The same lodge owner said he had also recently had a similar experience with another website mimicking the lodge’s name and brand.
“In this case, one of our source agents in the US informed us that some information on our website was incorrect. Upon investigation, we found that the website was not ours at all, but that of a local tour operator who was using our name and brand entirely, including a version of our domain name, with no reference to the tour operator whatsoever,” said the lodge owner.
He mentioned that they were also contacted by two separate guests who wanted to make a booking directly with the lodge, but had come across the other website, confusing them as to which was genuine. Ultimately, they were scammed, as they decided to make the booking.
“In the case where my own lodge website was mimicked, the operator concerned had separately negotiated an STO rate with us and we gave them access to our media centre, assuming they would use our images and material to showcase us on their own branded website. We then discovered they were using our name and brand to attract potential guests to a website that in no way mentioned their brand, but was made to look as if the guest was dealing with our product.”

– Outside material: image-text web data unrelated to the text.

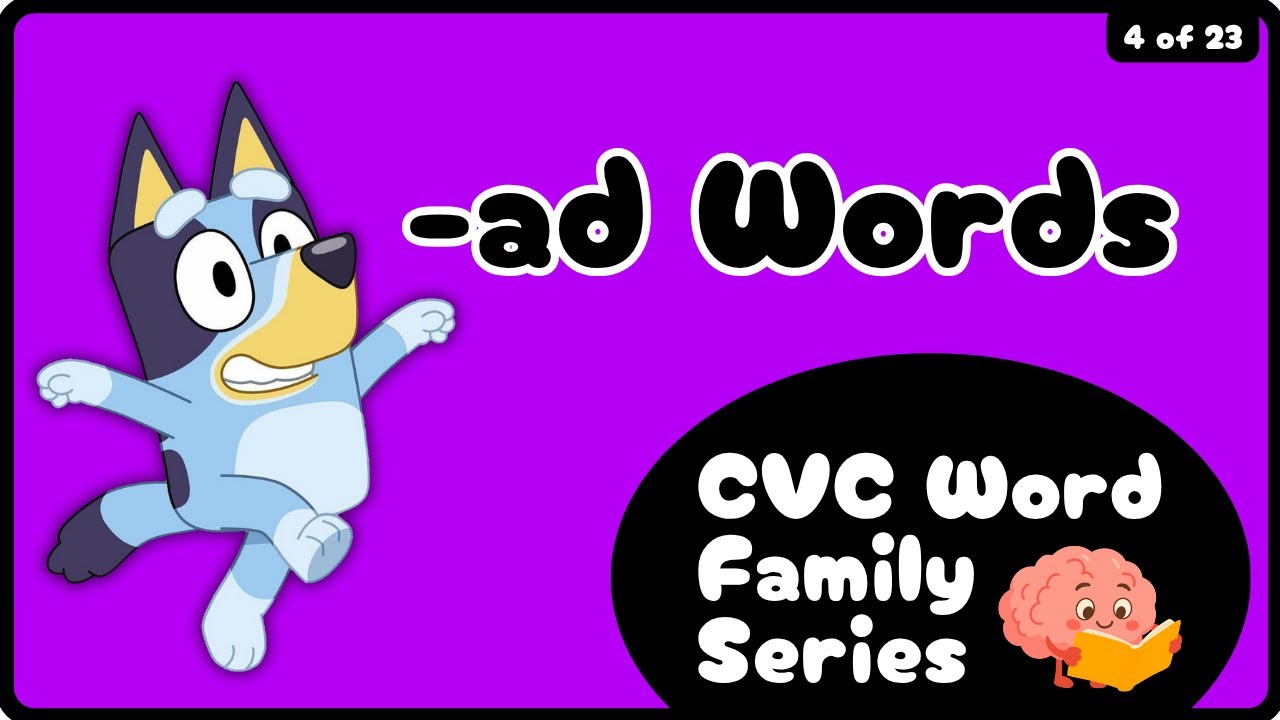 Bluey CVC 🐾 Учите слова на «-ad» | Разминка для детей! Игра на развитие фонетики движений и разми...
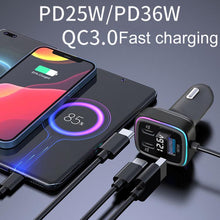 Load image into Gallery viewer, Powerful Output Colorful Ambient Lights Car Quick Charger, GE01
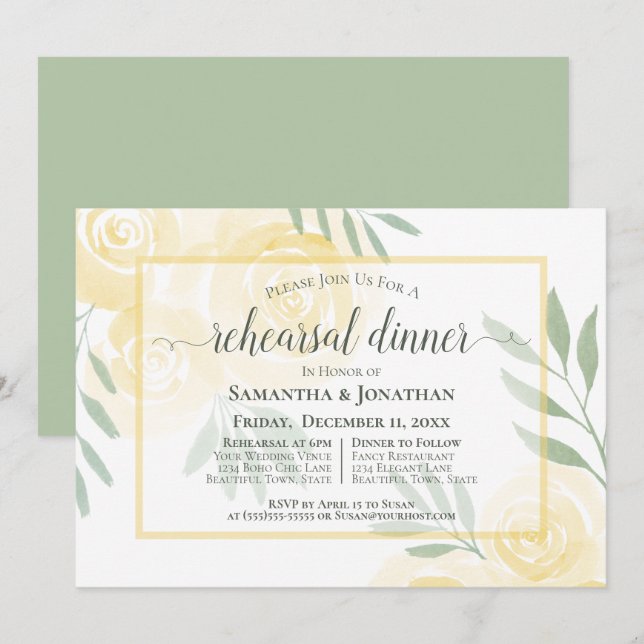 Invitation Dîner de répétition de mariage Boho Butter Yellow  (Devant / Derrière)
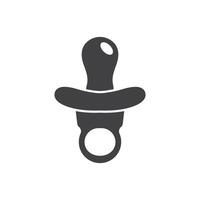 Baby pacifier icon in flat style. Nipple for newborn child illustration on isolated background. Soother sign business concept. vector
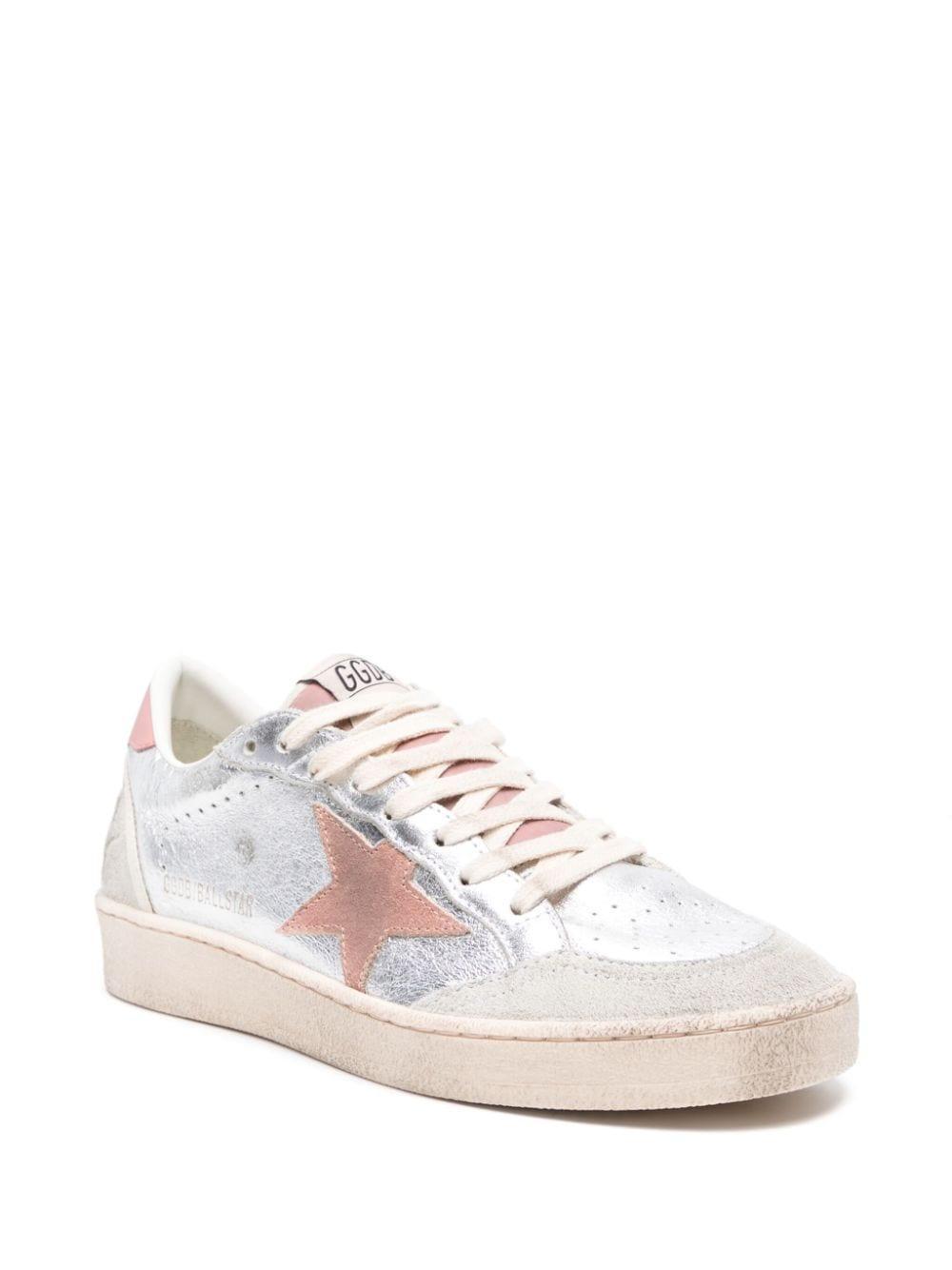 GOLDEN GOOSE Ballstar Metallic Leather Sneakers In Silver/ash Rose/ice product image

The operator behind the fake Timbavati website was using the STO rates that the various lodges in the Timbavati had given in good faith, and publishing rates below the lodges rack rates, thus undercutting the products themselves and potentially distorting the market.
He says this has been an ongoing problem. In 2015 the Timbavati had to deal with a similar fraudulent website that was set up by a tour operator. The tour operator at that time resisted all demands from the reserve to shut down the website and hand over the domain. The case was eventually taken to arbitration with the South African Institute of Intellectual Property Law (SAIIPL). The reserve won the case.
Signs to look out for
He says it is difficult for potential guests to see immediately whether they have arrived at a legitimate website or not. The biggest indicator is that the bogus website is usually a fairly simple one-pager that has automated links to pages like TripAdvisor, and does not have its own blog or social media links (although some also have bogus social media platforms that generally only re-share links from other products).
“I would suggest always asking the direct question when making contact through a web chat or email link as to whether they are dealing with the lodge/reserve, or whether they are dealing with a tour operator,” he concludes.